WASHINGTON – Defense Secretary James Mattis said Tuesday that the U.S.’s military policy in Syria has not changed and defeating the Islamic State in Iraq an Syria remains the priority.

“Our military policy in Syria has not changed. Our priority remains the defeat of ISIS. ISIS represents a clear and present danger, an immediate threat to Europe and ultimately, a threat to the United States homeland,” he said at his first briefing as defense secretary.

The remark was aimed at abating public concerns that the recent U.S. strike against the Syrian regime, in response to an April 4 chemical weapons attack, would lead to a full-fledged war with Syria and its ally, Russia.

Mattis sought to explain the strike on Thursday – consisting of 59 cruise missiles launched at a Syrian regime airbase – as a “measured” and “singular” response to the chemical weapons attack – not the beginning of a new war.

“We determined that a measured military response could best deter the regime from doing this again,” he said. “The purpose of this attack was singular, against the chemical weapons use.”

“We addressed that militarily. But the rest of the campaign stays on track, exactly as it was before Assad’s violation,” he said. “It was not a harbinger of some change in our military campaign.”

Mattis said at the briefing:

There is a limit, I think, to what we can do. And when you look at what happened with this chemical attack, we knew that we could not stand passive on this.

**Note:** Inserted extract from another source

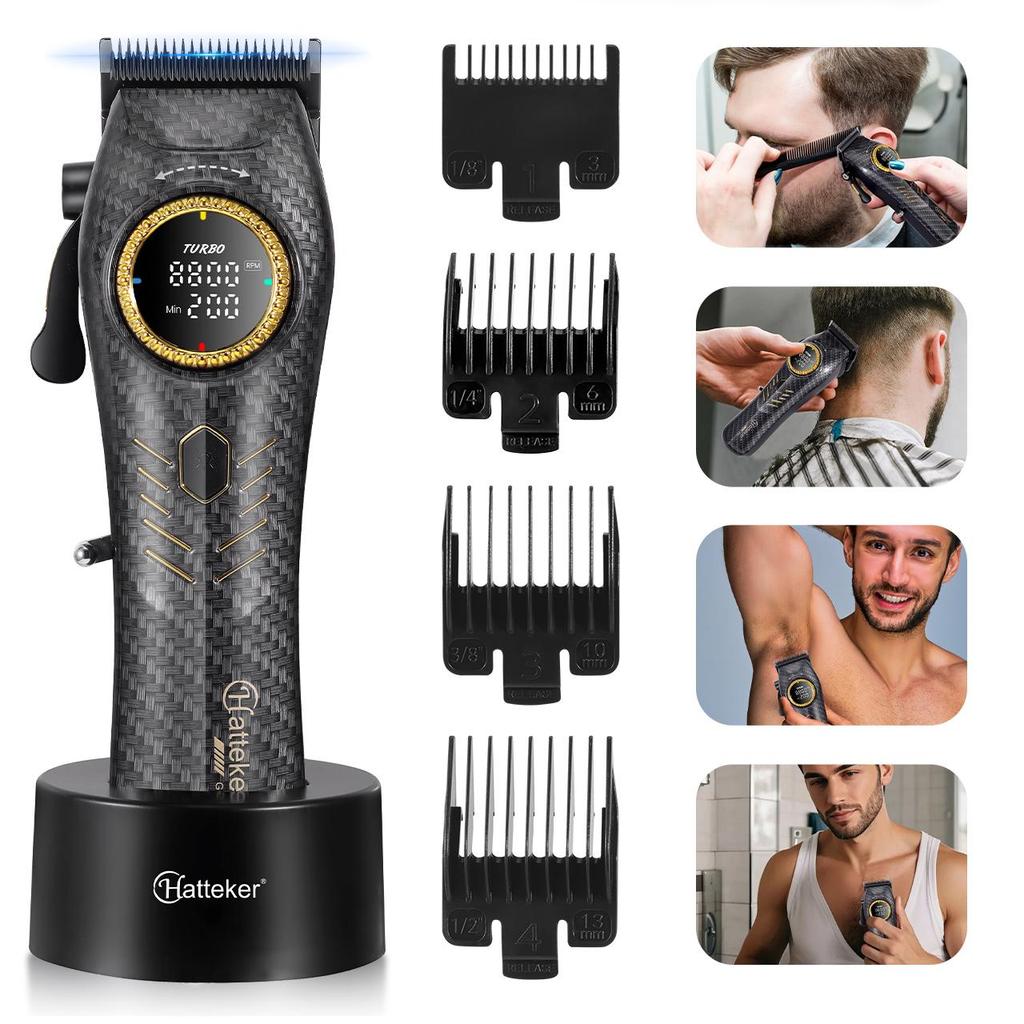 Professional Hair Clippers 5000-9000RPM Adjustable Speed DLC Blades 4 Guide Combs USB Base Charging Barber Trimmer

But it was not a statement that we could enter full fledged, full bore into the most complex civil war probably raging on the planet at this time. So the intent was to stop the cycle of violence into an area that even in World War II, chemical weapons were not used on battlefields.

Even in the Korean War, they were not used on battlefields, since World War I; there’s been an international convention on this. And to stand idly by when that convention is violated, that is what we had to take action on urgently in our own vital interest.

Mattis also addressed lingering questions over whether the Syrian regime was actually responsible for the chemical weapons attack, which involved the nerve agent sarin and killed more than 80 and sickened dozens more.

“I have personally reviewed the intelligence, and there is no doubt the Syrian regime is responsible for the decision to attack and for the attack itself,” he said.

Russia has claimed that Syria dropped a munition on a rebel-owned chemical weapons facility, causing the spread of the weapons.

Mattis did not comment on reports that Russia may have known or participated in covering up the attack.

While Mattis sought to characterize the strike as limited, he also warned Syrian regime leader Bashar Assad against using chemical weapons again.

“The Syrian regime should think long and hard before it again acts so recklessly in violation of international law against the use of chemical weapons,” he warned.

Mattis did not clarify whether he meant the use of sarin or chlorine. Assad is believed to have used chlorine more frequently than sarin, and seeking to prevent chlorine use could lower the bar for U.S. intervention in Syria.

In response to a question as to how “prepared” U.S. forces are to take additional action against the regime, Gen. Joseph Votel, the commander of U.S. Central Command, who briefed alongside Mattis, said U.S. forces are able to carry out whatever order they are given by the defense secretary or the president.

“I would just say that as a Central Command commander, I’m very confident that we can respond to any directions or orders that the secretary or the president give us in the region,” he said.

He also said the focus on defeating ISIS “remains our primary mission.”

Mattis said about 20 aircraft – probably equating to about 20 percent of the Syrian regime’s air force – were taken out by the cruise missile strike.

Mattis and Votel did not comment on the status of a deconfliction line between U.S. and Russian forces used to avoid accidents in air space over Syria. Russia announced Friday it was cutting the line beginning Saturday morning.

“We maintain communications with the Russian military and with the diplomatic channels. It will not spiral out of control,” he said.